Is Apple suitable for the freelancer? - gma
http://effectif.com/mac-os-x/is-apple-suitable-for-enterprise

======
robterrell
Apple gear is suitable for me. It might not be for him. But it sounds like he
didn't consider all of his repair options:

a) Every Apple store has a dedicated small business contact. If you call the
store, you can get to this person through the phone tree. They can make
special arrangements for businesses, up to a point.

b) According to <http://www.apple.com/support/products/mac.html>, if you have
AppleCare, you can request on-site or even mail-in service. I've used the
mail-in service a half-dozen times over the years.

c) Even in a world filled with Apple Stores, there still are third-party
retailers. A local shop (closest to me is <http://tenplus.com>) is likely to
give you better service.

------
JackWebbHeller
I can sympathise with the difficulties the Genius Bar cause.

I had a standard MacBook - about 2 months old - when I noticed, whilst working
on it on the train, after picking it up one of the screws from the underside
had become loose and fallen out. I spent a while trying to screw it back in
with my fingers on the train, just enough to stop it falling back out again.
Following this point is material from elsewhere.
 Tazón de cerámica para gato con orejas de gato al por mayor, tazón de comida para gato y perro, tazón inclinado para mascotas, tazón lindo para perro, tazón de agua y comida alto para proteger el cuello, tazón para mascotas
When I got home I gave it a proper go with a screwdriver. Problem solved?
Nope.

Over the next few weeks this kept happening - not just with that one screw but
with about 3 or 4 (of the 8 in total). I got suspicious and took it straight
to the Geniuses.

I've calculated the total time, per appointment, to be 2 hours - 10 minutes
getting ready (shutting down, disconnecting displays and HDDs, etc), 40
minutes travel there, 15 minutes waiting, 15 minutes being served, 40 minutes
travel back.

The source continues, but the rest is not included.